The Work It Takes
There’s a lot to write about but for now I’ll stick with what I was talking about before, which is davenning. Jeremiah asked some really good questions about what kind of work I believe davenning takes and what exactly it is that I mean by davenning in the first place.
We’re actually studying davenning in school… That is to say that we’re learning masechet berachot in Talmud and hilchot tefillah (Mishneh Torah) in Halacha. The question of what actually constitutes davenning has been the focus of much class discussion, especially, it seems, over the past couple of days. The bottom line is that, when you come down to it, as far as Torah obligation is concerned, any praise, supplication, thanks combination communication with God constitutes the fulfillment of the obligation to pray. And, according to the strictest minimal Torah obligation, as long as you do this at least once a day, you’ve done what God commands as far as prayer is concerned. In that sense, it is never appropriate to say that a person does not know how to daven
That said, we as Jews do not live by the Torah. We live by the Rabbis. Unless you are a Karaite, if you are a Jew with any sort of practice tradition, you are a Rabbinic Jew. Our Judaism is entirely based upon how the Rabbis established their interpretations of scripture, and what they established that Jews ought to do practically in order to stay in line with what they understood to be God’s will for us. If it weren’t for these rabbis and sages, there would be no Judaism.
All this is by way of saying that we have forms and structures of davenning, and these forms, one can be good at or need practice with. I’ve met many who are quick to blame these structures for their problems with communal or organized davenning, or to blame the leadership of a particular synagogue or minyan for their boredom or lack of engagement. I’ve also known several who have felt this way initially, before they actually took the time to study and unpack the davenning structure as it exists in rabbinic law, as it is practiced by Jews throughout the world. There is a flow to it, a poetry, a rationale. The structure of our prayer service is carefully crafted to make communication with God easy and meaningful. We’d all like to think that we are artistic and poetic souls, that this need for structure doesn’t apply to us. But until you sit down and learn why the rabbis set the process of prayer as they did, until you take a minute to learn something of the elegance and poetry of the language of the service, and until you make an effort to actually use the structure, and do so uncynically, with a mind open to the possibilty that structure can be a help and not a hinderance, it is little more than hubris to think that you are above the use of the siddur.
There is, of course, more to this than just laziness and hubris. My words above are largely about principles rather than people. When it comes to people, I’m sympathetic. The prayer book is hard. Learning enough Hebrew to really appreciate it is hard. It takes time and work and I know very well the feeling that it is just too much. There is a very real fear and even shame about not knowing how to do what everyone around you seems to be doing effortlessly. That is why, when my rabbinical school class, during orientation, met in the synagogue to talk about prayer, I decided to make it known to the group that I still read a lot of the siddur in English. Everytime I daven I read through a section in Hebrew that I don’t yet have down, and sometimes that means I fall behind the congregation and don’t get to sing all of the out loud parts with everyone else. And sometimes it means that I have to skip over certain psalms or piyyutim. That is ok. Though it may not seem like it, everyone knows that there is a learning curve and no one will begrudge you the time which that learning process takes. And if they do, they’ve got their own problems.

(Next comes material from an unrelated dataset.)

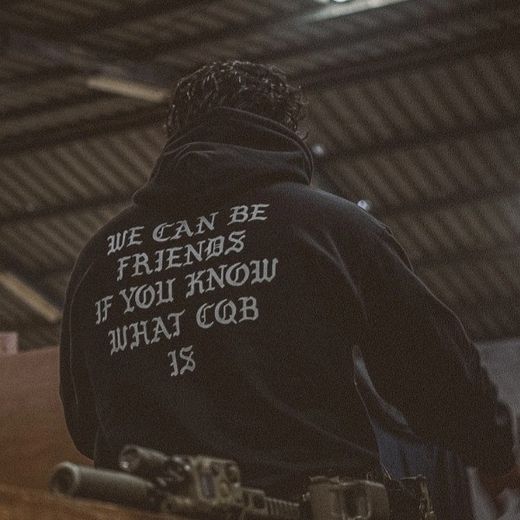 CQB Hoodie | Black | Trace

Back to the singing. Singing, as I’ve said, has always been a very importand part of my life and a very significant and joyful experience for me, whether I understood the words I was singing or not. There is something to that. However, I came to a whole new understanding of singing as prayer when I came to a point where I did understand what it was that I was singing, when they were words that I could say meaningfully in prayer, quietly, by myself. At that point, taking those words and singing them out loud with a congregation became real davenning.
More to come, on this subject and others. Meantime, may we all be sealed in the book for a good life full of blessing, joy and meaning.
And for God’s sake be nice to each other!!!
(By the way, I wrote this entire thing on my iPod. How cool is that?)